CREATE TABLE #NullTest (MyVal binary) INSERT INTO #NullTest VALUES (1),(1),(0),(0),(NULL) SELECT COUNT(1) FROM #NullTest WHERE MyVal = 1 -- Returns 2 SELECT COUNT(1) FROM #NullTest WHERE MyVal = 0 -- Returns 2 SELECT COUNT(1) FROM #NullTest WHERE MyVal = NULL -- Returns 0
So we get two rows where MyVal = 1, two rows where MyVal = 0 and no rows where MyVal = NULL for a grand total of four. But wait, we inserted five rows!! So as we go farther down the rabbit hole we start to realize that aggregate queries can be heavily affected by NULLs. The implications go farther and farther down the rabbit hole as you think about it. So how do we work around this? Well there are a couple of options.
ISNULL(MyVal,0) will return a 0 if MyVal is a NULL and return the value of MyVal otherwise. This leads to queries that look like this:
SELECT COUNT(1) FROM #NullTest WHERE ISNULL(MyVal,1) = 1
I don’t recommend this for several reasons but the fact that it isn’t SARGable is probably sufficient.
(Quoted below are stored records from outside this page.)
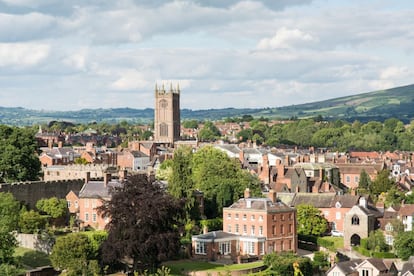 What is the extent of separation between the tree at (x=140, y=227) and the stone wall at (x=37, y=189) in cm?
1070

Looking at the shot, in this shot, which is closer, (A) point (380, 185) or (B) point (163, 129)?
(A) point (380, 185)

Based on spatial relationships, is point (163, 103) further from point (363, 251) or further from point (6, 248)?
point (6, 248)

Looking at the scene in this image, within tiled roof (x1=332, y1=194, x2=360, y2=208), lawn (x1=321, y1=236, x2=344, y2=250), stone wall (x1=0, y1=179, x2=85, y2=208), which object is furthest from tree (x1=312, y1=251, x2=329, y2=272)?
stone wall (x1=0, y1=179, x2=85, y2=208)

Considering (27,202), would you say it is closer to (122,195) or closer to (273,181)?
(122,195)

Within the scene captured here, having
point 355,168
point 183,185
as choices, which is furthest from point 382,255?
point 355,168

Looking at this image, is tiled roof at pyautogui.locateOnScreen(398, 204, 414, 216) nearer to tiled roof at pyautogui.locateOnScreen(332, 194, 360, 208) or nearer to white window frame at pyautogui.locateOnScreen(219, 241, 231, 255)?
tiled roof at pyautogui.locateOnScreen(332, 194, 360, 208)

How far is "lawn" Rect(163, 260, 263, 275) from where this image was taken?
5133cm

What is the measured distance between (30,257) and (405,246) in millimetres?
25110

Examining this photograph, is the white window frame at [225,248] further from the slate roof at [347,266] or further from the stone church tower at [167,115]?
the stone church tower at [167,115]

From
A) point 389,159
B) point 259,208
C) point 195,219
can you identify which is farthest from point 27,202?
point 389,159

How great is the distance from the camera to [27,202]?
6028cm

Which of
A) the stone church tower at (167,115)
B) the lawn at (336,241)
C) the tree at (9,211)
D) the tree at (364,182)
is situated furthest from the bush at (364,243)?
the stone church tower at (167,115)

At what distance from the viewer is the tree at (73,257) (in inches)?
1896

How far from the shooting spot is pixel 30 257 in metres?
51.5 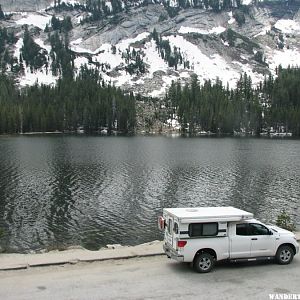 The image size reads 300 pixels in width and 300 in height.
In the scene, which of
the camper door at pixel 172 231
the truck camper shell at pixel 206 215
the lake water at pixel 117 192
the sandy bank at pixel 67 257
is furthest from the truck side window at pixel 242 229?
the lake water at pixel 117 192

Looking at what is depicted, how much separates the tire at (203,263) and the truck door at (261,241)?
96.2 inches

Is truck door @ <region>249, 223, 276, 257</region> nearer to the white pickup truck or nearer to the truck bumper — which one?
the white pickup truck

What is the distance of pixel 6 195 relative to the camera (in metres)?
58.1

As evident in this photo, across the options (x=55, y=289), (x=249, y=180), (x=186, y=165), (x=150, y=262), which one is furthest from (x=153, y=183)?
(x=55, y=289)

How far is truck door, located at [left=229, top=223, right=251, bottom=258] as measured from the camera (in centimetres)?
2108

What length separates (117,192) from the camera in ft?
207

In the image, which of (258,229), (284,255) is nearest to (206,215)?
(258,229)

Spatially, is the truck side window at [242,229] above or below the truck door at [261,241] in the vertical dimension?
above

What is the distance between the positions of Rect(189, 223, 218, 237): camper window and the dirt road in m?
1.92

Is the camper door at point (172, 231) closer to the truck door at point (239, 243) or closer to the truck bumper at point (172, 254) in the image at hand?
the truck bumper at point (172, 254)

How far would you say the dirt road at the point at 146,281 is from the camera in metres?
17.3

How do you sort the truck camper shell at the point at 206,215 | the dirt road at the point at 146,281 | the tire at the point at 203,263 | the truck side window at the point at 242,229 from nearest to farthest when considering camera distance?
the dirt road at the point at 146,281
the truck camper shell at the point at 206,215
the tire at the point at 203,263
the truck side window at the point at 242,229

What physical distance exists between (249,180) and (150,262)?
56178 mm

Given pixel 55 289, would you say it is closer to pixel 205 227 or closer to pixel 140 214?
pixel 205 227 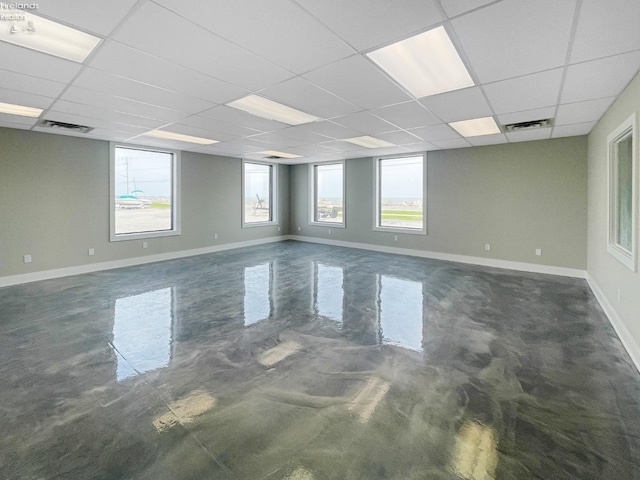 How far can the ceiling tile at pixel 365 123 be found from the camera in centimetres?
448

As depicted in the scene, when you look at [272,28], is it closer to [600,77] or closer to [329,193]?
[600,77]

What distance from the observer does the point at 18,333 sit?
3.29 m

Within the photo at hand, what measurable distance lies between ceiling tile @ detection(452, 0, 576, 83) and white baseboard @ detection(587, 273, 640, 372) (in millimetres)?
2483

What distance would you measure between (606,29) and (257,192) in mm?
8364

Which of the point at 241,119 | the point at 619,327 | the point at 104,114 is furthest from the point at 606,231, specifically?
the point at 104,114

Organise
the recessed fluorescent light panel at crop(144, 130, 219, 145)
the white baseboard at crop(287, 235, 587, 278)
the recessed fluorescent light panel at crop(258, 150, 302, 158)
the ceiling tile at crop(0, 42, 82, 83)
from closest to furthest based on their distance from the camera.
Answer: the ceiling tile at crop(0, 42, 82, 83)
the recessed fluorescent light panel at crop(144, 130, 219, 145)
the white baseboard at crop(287, 235, 587, 278)
the recessed fluorescent light panel at crop(258, 150, 302, 158)

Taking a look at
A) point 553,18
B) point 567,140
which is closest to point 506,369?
point 553,18

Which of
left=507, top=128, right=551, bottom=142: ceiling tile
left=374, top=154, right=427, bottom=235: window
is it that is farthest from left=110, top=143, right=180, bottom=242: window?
left=507, top=128, right=551, bottom=142: ceiling tile

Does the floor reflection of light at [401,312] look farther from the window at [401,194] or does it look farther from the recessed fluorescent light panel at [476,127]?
the window at [401,194]

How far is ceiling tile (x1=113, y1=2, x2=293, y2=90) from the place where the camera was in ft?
7.23

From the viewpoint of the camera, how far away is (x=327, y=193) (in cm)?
984

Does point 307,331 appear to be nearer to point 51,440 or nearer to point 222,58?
point 51,440

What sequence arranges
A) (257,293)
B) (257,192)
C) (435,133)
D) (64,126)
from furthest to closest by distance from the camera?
(257,192)
(435,133)
(64,126)
(257,293)

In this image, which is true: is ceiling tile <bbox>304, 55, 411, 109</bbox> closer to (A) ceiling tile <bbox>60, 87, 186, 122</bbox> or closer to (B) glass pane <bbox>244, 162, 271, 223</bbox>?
(A) ceiling tile <bbox>60, 87, 186, 122</bbox> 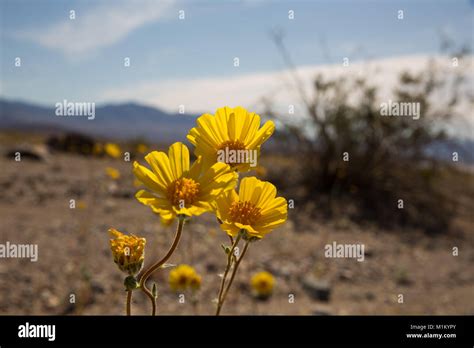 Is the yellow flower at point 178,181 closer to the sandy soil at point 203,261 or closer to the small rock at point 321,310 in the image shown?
the sandy soil at point 203,261

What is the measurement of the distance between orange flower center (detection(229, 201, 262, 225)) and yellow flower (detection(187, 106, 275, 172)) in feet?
0.26

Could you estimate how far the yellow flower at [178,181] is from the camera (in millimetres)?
857

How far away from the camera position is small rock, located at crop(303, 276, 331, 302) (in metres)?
4.96

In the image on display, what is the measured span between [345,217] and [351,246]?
4.09 ft

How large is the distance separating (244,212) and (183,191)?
135 mm

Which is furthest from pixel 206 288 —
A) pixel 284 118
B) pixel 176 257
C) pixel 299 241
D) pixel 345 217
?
pixel 284 118

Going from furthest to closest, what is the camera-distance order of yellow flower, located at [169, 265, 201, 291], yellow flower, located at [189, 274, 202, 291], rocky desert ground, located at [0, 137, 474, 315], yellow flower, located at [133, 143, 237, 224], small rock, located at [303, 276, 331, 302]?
small rock, located at [303, 276, 331, 302], rocky desert ground, located at [0, 137, 474, 315], yellow flower, located at [169, 265, 201, 291], yellow flower, located at [189, 274, 202, 291], yellow flower, located at [133, 143, 237, 224]

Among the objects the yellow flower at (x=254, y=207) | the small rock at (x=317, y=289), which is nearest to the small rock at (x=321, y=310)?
the small rock at (x=317, y=289)

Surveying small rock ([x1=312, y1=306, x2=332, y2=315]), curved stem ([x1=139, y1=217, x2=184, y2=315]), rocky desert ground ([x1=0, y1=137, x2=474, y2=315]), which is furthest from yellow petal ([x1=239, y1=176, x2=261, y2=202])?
small rock ([x1=312, y1=306, x2=332, y2=315])

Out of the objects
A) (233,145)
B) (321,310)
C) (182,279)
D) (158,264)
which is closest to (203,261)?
(321,310)

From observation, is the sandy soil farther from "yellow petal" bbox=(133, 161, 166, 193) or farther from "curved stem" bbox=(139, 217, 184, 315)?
"curved stem" bbox=(139, 217, 184, 315)

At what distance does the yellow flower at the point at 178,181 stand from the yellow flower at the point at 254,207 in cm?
5

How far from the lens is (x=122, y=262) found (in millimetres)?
927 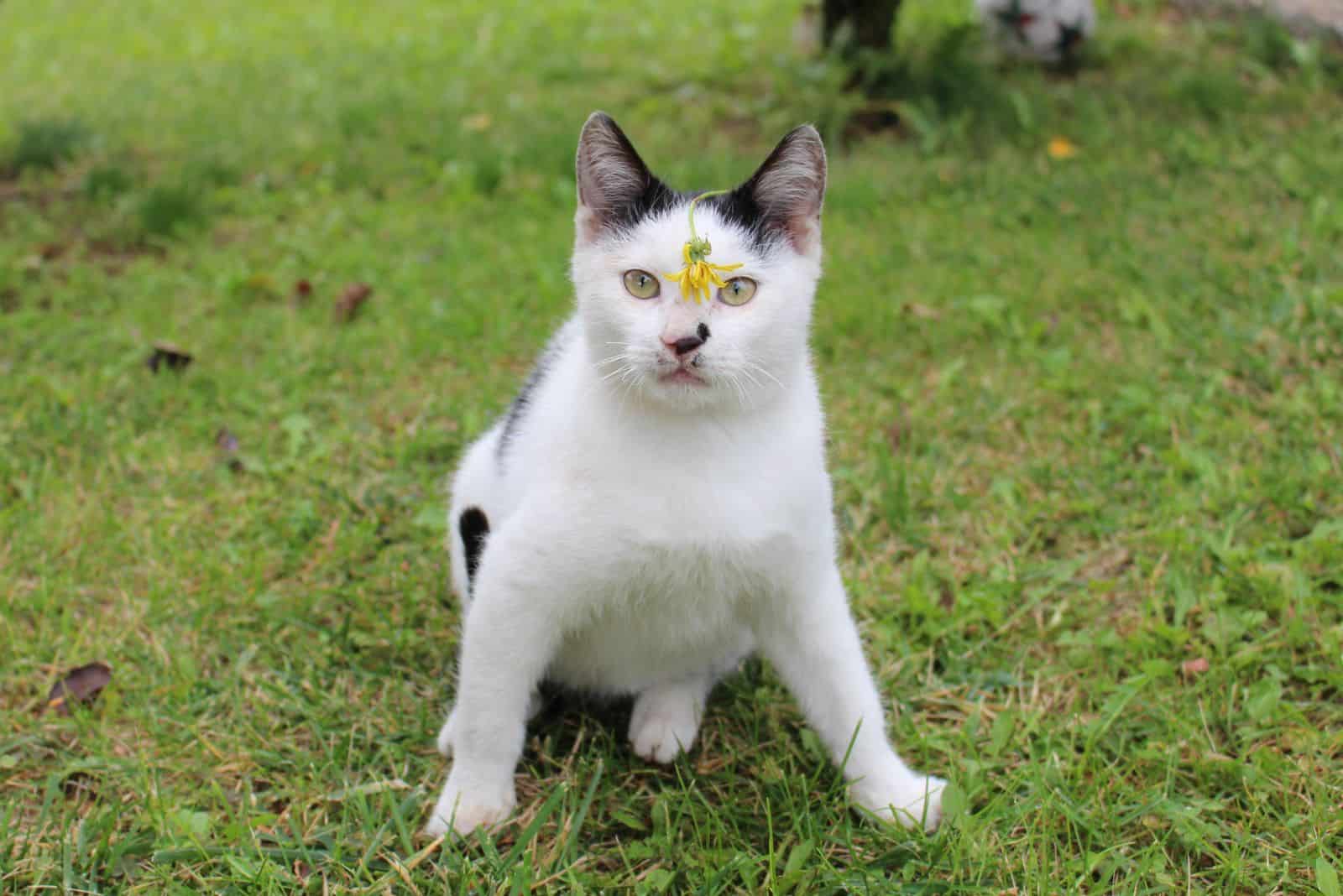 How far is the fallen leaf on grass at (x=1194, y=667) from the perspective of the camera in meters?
2.30

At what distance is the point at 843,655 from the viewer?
6.53ft

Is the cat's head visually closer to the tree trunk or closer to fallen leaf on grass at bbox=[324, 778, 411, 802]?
fallen leaf on grass at bbox=[324, 778, 411, 802]

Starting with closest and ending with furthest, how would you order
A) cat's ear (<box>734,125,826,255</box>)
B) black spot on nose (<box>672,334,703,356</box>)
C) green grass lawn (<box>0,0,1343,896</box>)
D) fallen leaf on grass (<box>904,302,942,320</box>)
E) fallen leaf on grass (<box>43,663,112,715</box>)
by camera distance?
black spot on nose (<box>672,334,703,356</box>) < cat's ear (<box>734,125,826,255</box>) < green grass lawn (<box>0,0,1343,896</box>) < fallen leaf on grass (<box>43,663,112,715</box>) < fallen leaf on grass (<box>904,302,942,320</box>)

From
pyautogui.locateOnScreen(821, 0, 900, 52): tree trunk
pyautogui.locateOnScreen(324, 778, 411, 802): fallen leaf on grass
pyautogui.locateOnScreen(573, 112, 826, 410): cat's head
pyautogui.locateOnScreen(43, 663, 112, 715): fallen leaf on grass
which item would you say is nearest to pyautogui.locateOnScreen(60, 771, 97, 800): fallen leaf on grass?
pyautogui.locateOnScreen(43, 663, 112, 715): fallen leaf on grass

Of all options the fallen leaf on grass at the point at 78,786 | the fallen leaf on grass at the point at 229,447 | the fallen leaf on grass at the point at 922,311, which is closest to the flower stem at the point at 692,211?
the fallen leaf on grass at the point at 78,786

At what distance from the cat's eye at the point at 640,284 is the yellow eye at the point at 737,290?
107 millimetres

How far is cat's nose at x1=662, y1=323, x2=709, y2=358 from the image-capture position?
5.55 ft

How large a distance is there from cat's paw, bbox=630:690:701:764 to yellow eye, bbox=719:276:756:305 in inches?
32.3

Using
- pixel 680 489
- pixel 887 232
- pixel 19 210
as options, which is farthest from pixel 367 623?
pixel 19 210

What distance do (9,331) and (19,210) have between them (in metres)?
1.20

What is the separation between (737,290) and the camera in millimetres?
1771

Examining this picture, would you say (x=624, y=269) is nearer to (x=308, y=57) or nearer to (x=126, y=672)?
(x=126, y=672)

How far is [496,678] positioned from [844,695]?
0.62 metres

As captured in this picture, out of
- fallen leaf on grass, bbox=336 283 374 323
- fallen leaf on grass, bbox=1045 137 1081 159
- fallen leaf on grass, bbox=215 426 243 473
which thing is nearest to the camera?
fallen leaf on grass, bbox=215 426 243 473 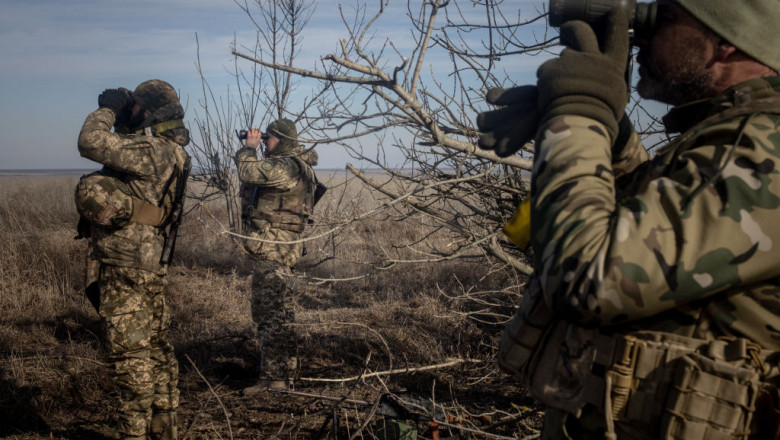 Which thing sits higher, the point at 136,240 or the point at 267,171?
the point at 267,171

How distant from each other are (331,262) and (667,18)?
8506 millimetres

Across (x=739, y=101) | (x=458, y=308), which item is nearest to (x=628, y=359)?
(x=739, y=101)

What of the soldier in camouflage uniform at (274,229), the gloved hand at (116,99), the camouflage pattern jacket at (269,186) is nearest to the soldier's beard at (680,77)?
the gloved hand at (116,99)

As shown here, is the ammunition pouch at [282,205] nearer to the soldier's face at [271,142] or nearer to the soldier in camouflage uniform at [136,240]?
the soldier's face at [271,142]

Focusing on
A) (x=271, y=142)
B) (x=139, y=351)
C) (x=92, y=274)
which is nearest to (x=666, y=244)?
(x=139, y=351)

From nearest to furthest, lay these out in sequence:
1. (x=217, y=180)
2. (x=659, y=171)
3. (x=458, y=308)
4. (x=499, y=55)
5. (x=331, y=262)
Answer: (x=659, y=171) < (x=499, y=55) < (x=458, y=308) < (x=217, y=180) < (x=331, y=262)

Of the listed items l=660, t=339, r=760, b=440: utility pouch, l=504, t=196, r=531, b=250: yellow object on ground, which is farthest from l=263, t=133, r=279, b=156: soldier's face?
l=660, t=339, r=760, b=440: utility pouch

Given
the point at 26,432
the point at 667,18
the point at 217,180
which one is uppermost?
the point at 667,18

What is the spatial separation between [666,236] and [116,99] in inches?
152

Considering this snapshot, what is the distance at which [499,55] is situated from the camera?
3.17m

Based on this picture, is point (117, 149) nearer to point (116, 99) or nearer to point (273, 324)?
point (116, 99)

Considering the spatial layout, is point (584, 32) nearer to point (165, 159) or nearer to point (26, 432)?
point (165, 159)

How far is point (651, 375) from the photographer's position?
991mm

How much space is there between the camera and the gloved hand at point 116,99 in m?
3.75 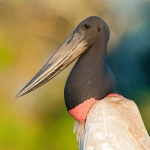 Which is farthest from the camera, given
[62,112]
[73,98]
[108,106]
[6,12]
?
[6,12]

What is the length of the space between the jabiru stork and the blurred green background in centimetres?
230

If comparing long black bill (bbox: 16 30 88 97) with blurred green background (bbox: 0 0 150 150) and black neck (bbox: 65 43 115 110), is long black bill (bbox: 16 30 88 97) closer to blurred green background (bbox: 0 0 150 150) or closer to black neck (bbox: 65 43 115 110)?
black neck (bbox: 65 43 115 110)

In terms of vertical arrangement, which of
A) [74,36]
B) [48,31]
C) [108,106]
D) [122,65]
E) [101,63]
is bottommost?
[108,106]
Next we have the option “IS NULL”. Which is used like this
SELECT COUNT(1) FROM #NullTest WHERE MyVal = 1 OR MyVal IS NULL
This is generally the method I would use although you do have to watch out with your OR operator. I see a lot of logical mistakes when people use OR carelessly. Here is a simple example:
CREATE TABLE #NullTest (MyVal binary, DateVal datetime) INSERT INTO #NullTest VALUES (1, '1/1/1900'), (1, '1/1/1901'), (0, NULL), (0, '1/1/2001'), (NULL, '1/1/2000') -- What you meant SELECT * FROM #NullTest WHERE (MyVal = 1 OR MyVal IS NULL) AND (DateVal > '1/1/1950' OR DateVal IS NULL) -- What you entered SELECT * FROM #NullTest WHERE MyVal = 1 OR MyVal IS NULL AND DateVal > '1/1/1950' OR DateVal IS NULL -- How the computer saw it. SELECT * FROM #NullTest WHERE MyVal = 1 OR (MyVal IS NULL AND DateVal > '1/1/1950') OR DateVal IS NULL
I’ll let you run it yourself if you want to see the different results, but just looking at the code you should be able to tell how easy it is to mess yourself up.
There are other methods of course, and I’m sure more will show up over time. The important thing to remember is that if you are going to allow NULLs in your columns then you need to understand what a NULL is and plan for it accordingly. If you don’t Thomas LaRock is liable to come after you (not as bad as Grant Fritchey coming after you if you aren’t taking your backups but still.)